Пока они ждали лифт, Майк суетился вокруг девушки, как наседка вокруг цыпленка. Она ему нравилась, ибо была настоящей в мире притворства и жеманства. Как-то, пригласив на ужин, Майк предложил ей самый быстрый способ, каким молодая актриса может стать звездой. Мэри отказалась, однако постаралась не уязвить его самолюбия — ведь самолюбие у толстяков болезненное. После этого она перешла в другую категорию — женщин, которых Майк любил на расстоянии. А любил он, несомненно, многих женщин, и не только платонически.
Проводив Мэри, он вернулся в оживленную суету номера — мистер Вирт вручал дамам сумочки. Благодетель был необычайно весел: сегодня ему пришлось выпить целую бутылку шампанского. Хотя обычно он пил очень мало, но сейчас пообещал сделать это, если кто-нибудь угадает, сколько ему лет. Одна из девиц попала в точку — тридцать два.
— Бог ты мой! — воскликнул Майк, когда ему рассказали.
Улучив минуточку, он отвел своего покровителя в сторону.
— Нам пора уже уходить, мистер Вирт. Давайте, я отвезу вас в отель.
Мистер Вирт глупо улыбался, несколько раз силился заговорить и наконец заплетающимся языком промычал:
— Л-любезный мой, любезный д-друг мой! Я вполне в с-состоянии с-сам добраться до моего… м-моего любимого старого К-ковентри[2].
Это было что-то новое. Майк Хеннеси встревожился. Он почуял опасность утраты бесценного сокровища. И, словно владелец золотого месторождения, хлопочущий над его сохранностью, засуетился вокруг своего патрона.
— По-моему, — озабоченно затарахтел он, — вам нужно чего-нибудь холодненького. Я мигом.
Майк выбежал из зала, нашел официанта и поспешил назад с маленькой голубой бутылкой. Из заранее припасенной коробочки набрал столовую ложку белых таблеток, высыпал их в фужер и налил его доверху. Затем протянул этот шипящий пузырящийся напиток устроителю пира.
— Выпейте.
Вирт послушался. Между глотками он останавливался и переводил дыхание, по временам громко икая.
— Все в порядке? — продолжал хлопотать Майк.
— В полном, — огрызнулся тот.
Он словно неожиданно протрезвел. Окинул зал мутным взглядом: последний гость уже ушел. Майк тоже поспешил откланяться. К машине хозяин отправился один. Запахнувшись в шубу, подняв воротник, в цилиндре, лихо сдвинутом на ухо, мистер Вирт пошел к гаражу. Он велел вывести машину и как раз усаживался за руль, когда к нему робко приблизился какой-то оборванец.

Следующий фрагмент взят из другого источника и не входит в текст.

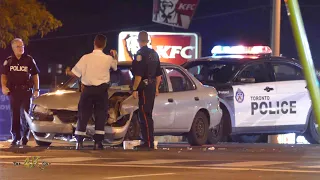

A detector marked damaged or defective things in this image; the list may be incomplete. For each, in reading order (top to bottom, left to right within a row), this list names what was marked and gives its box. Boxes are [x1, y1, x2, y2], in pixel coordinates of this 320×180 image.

— Можно словечко, господин?
Мистер Вирт окинул его стеклянным взглядом, поудобней устроился на сиденья и включил скорость.
— Можно cл…
Машина рванулась с места. Маленький человечек, ставший одной ногой на подножку, растянулся на земле. Вскочил и — к потехе гаражных рабочих — бросился вслед.
Глава 2
На Оксфорд-стрит преследователь отстал. Немного постоял, бормоча себе что-то под нос, и, безутешный, медленно побрел наугад. Повинуясь давно выработанной привычке, ноги сами принесли его туда, где он прожил несколько лет — на тихую малоприметную улочку. Небольшие, но вполне солидные особнячки на ней были погружены в сон.
Мистер Тиклер — так его звали — остановился перед домом № 17. Белые шторы на окнах были опущены, хорошо знакомая зеленая дверь плотно закрыта. Дом казался безжизненным. Но где-то в глубине его затаился мрачный старик, одной ногой стоящий в могиле. А у порога дома воплощением нищеты и превратностей судьбы застыл его бывший слуга.

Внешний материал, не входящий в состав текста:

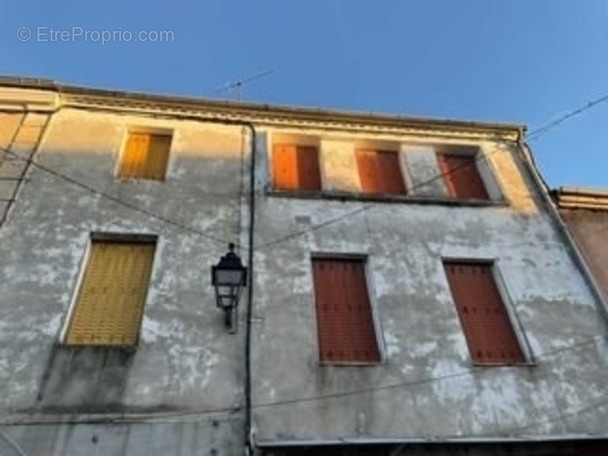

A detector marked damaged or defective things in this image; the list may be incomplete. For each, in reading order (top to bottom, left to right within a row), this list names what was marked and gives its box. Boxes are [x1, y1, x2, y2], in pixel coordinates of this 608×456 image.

peeling plaster wall [0, 108, 249, 454]
peeling plaster wall [251, 127, 608, 442]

Он жадно рассматривал дом. Вот три выщербленные ступеньки и прикрепленные к ним стальные желобки для инвалидной коляски. Вон за теми высокими окнами на втором этаже стоит кровать старого мистера Лайна. А этажом ниже находится его кабинет. Там, в стене, есть сейф, забитый никому не нужными бумагами. А денег в доме старик никогда не держал. Всю жизнь об этом правиле он твердил на каждом углу. Пару раз грабители порядком помучились над сейфом и убрались ни с чем.
Там был он, почивающий в роскоши, старая крыса под легкими, как пух, одеялами, специально для него изготовленными; а здесь — Гораций Том Тиклер, без гроша в кармане, с обидой в душе, но с видами на будущее!
Примерно с час мистер Тиклер прогуливался по тихой улочке, вынашивая разные планы — в основном неосуществимые. Затем неуверенно направился назад, к ярко освещенным улицам и кофейным палаткам. Чтобы сократить путь, он привычно направился через конюшню Бейнса — и ему самым невероятным образом повезло. Добыча, упущенная им на Оксфорд-стрит, по законам справедливости сама попалась ему в руки. Сначала он услышал пение подвыпившего человека и не обратил на него внимания. Лишь подойдя поближе, вдруг понял, что голос принадлежал мужчине, удравшему от него на машине. Он доносился из крохотной квартиры над гаражами, выстроенными по обе стороны от конюшни. В былые времена в таких квартирах проживали кучера и шоферы, но теперь в эти скромные обители Уэст-Энда[3] нахлынули художники и аристократы; более половины нынешнего населения конюшни Бейнса составляла публика, переодевавшаяся к обеду и возвращавшаяся ночью с вечеров или из ночных клубов, иногда весьма шумно.
Тиклер от неожиданности остановился и, чтобы перевести дух, присел на ступеньку перед узкой дверью. Она вела наверх, в интересующую его квартиру. Он еще не знал, что будет делать со своим открытием и просто был счастлив своей удачей. Конечно, бедный бродяжка не предполагал, что подвергает свою жизнь большой опасности.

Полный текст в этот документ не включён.